Create rich histogram objects from **numpy** or **dask** arrays, from **pandas** and **polars** series/dataframes,
from **xarray** datasets and a few more types of objects. Manipulate them with ease, plot them with **matplotlib**,
**vega** or **plotly**.In short, whatever you want to do with histograms, **physt** aims to be on your side.
[![ReadTheDocs](https://readthedocs.org/projects/physt/badge/?version=latest)](http://physt.readthedocs.io/en/latest/)
[![Join the chat at https://gitter.im/physt/Lobby](https://badges.gitter.im/physt/physt.svg)](https://gitter.im/physt/physt)

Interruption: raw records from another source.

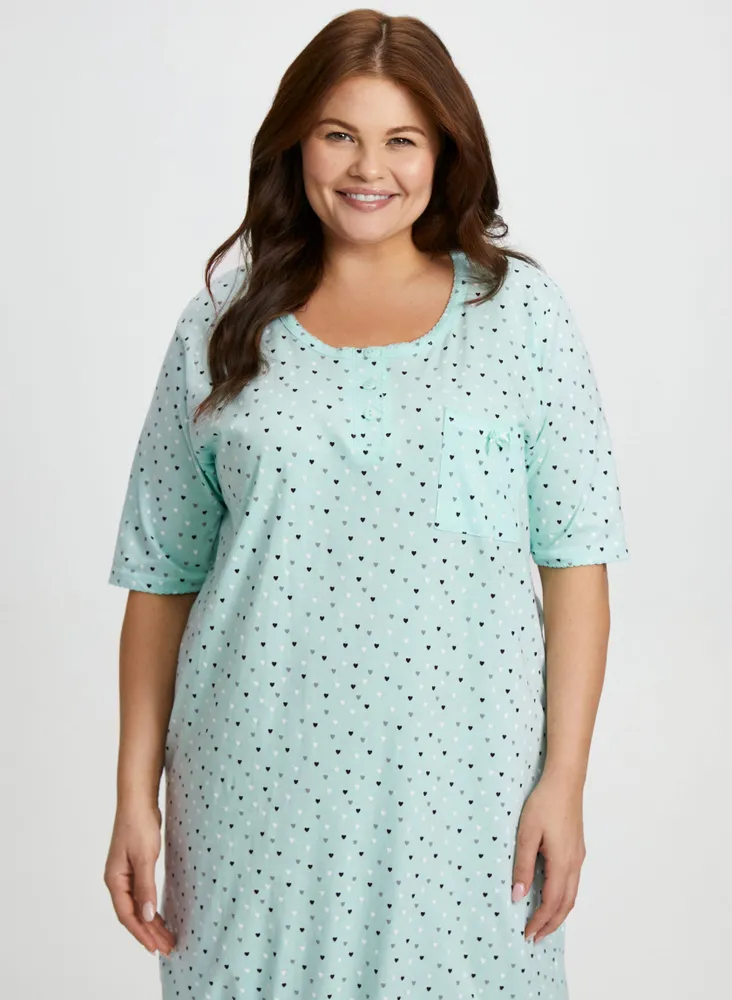 Polka Dot Motif Nightgown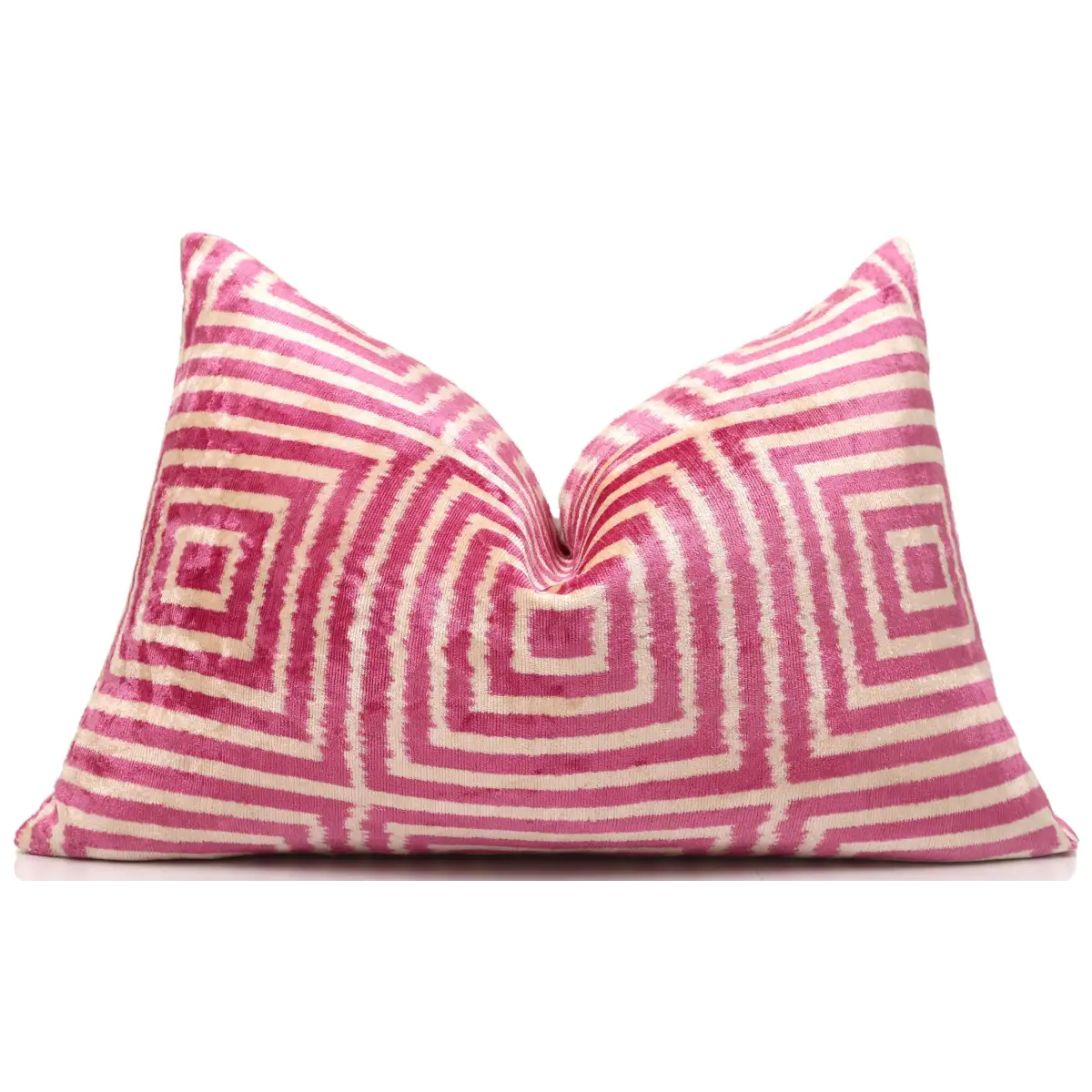 Luxury Blush Pink and Cream Silk Velvet Geometric Ikat Lumbar Pillow 16x24 Inch with Down Insert - Canvello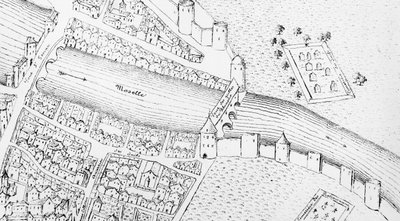 16世紀のメスにあるユダヤ人地区、エミールオーギュストの始まり、1838年の北東フランスの歴史からのイラスト 作： French School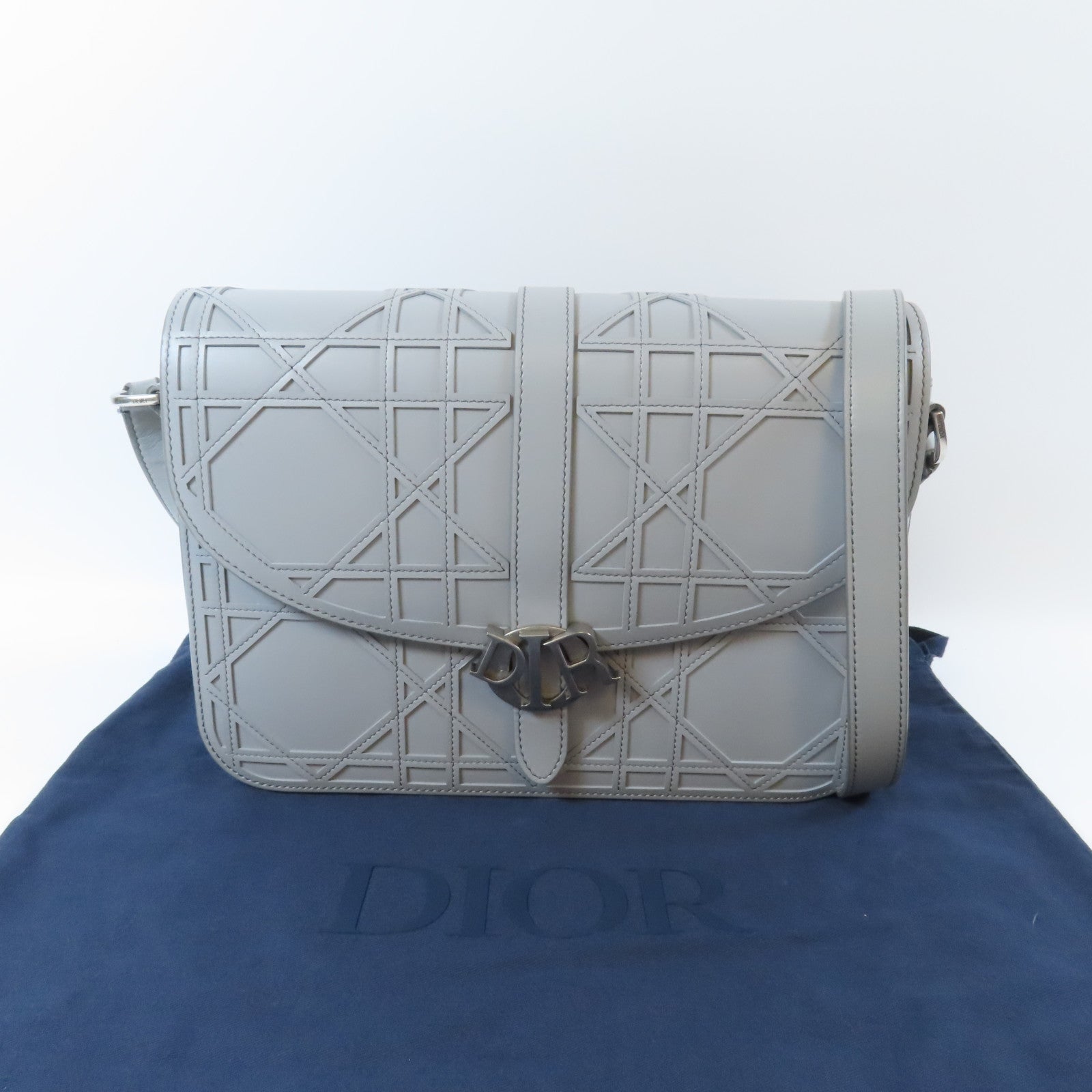 Dior 【激減優惠】牛皮皮革Shoulder Bag銀扣肩背袋灰色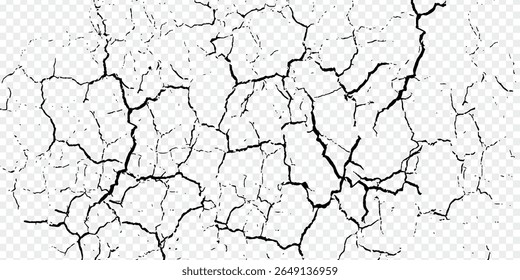 Rachaduras no solo, quebras na superfície da terra de terremoto isolado em fundo transparente. Conjunto realista de fissura no solo, fendas de desastres ou secas, fraturas pretas vista de cima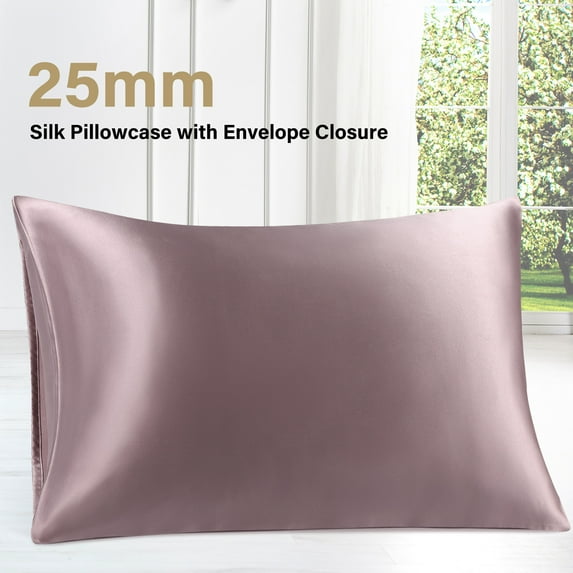 REGALWOVEN 25 Momme Silk Pillowcase with Envelope Closure for Bedroom, Mauve King(20"x36")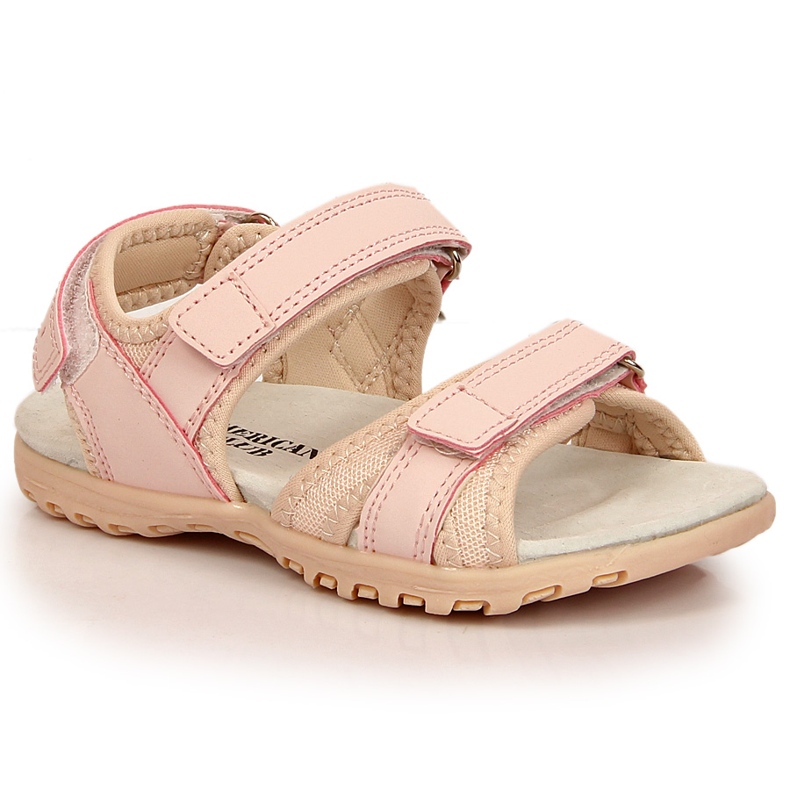 American Club sandalias rosas con velcros para niña rosado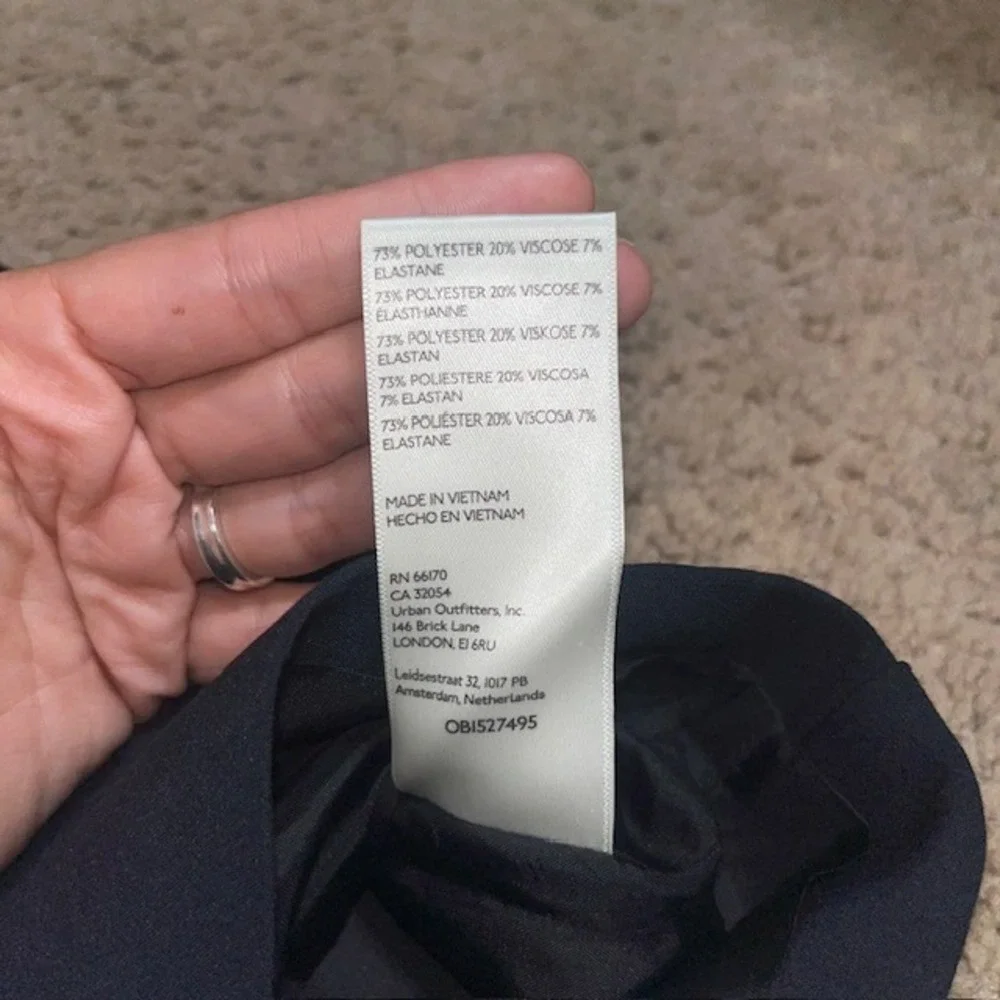 Anthropologie Maeve Tailored Skort Wrap Front Side Zip‎ Mini Pocket Navy Blue 4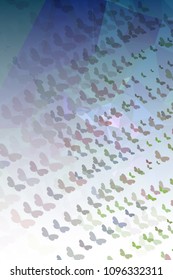 Abstract vertical background with flying butterflies. Vector clip art.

[![PyPI downloads](https://img.shields.io/pypi/dm/physt)](https://pypi.org/project/physt/)
[![PyPI version](https://badge.fury.io/py/physt.svg)](https://badge.fury.io/py/physt)
[![Anaconda-Server Badge](https://anaconda.org/janpipek/physt/badges/version.svg)](https://anaconda.org/janpipek/physt)
[![Anaconda-Server Badge](https://anaconda.org/janpipek/physt/badges/license.svg)](https://anaconda.org/janpipek/physt)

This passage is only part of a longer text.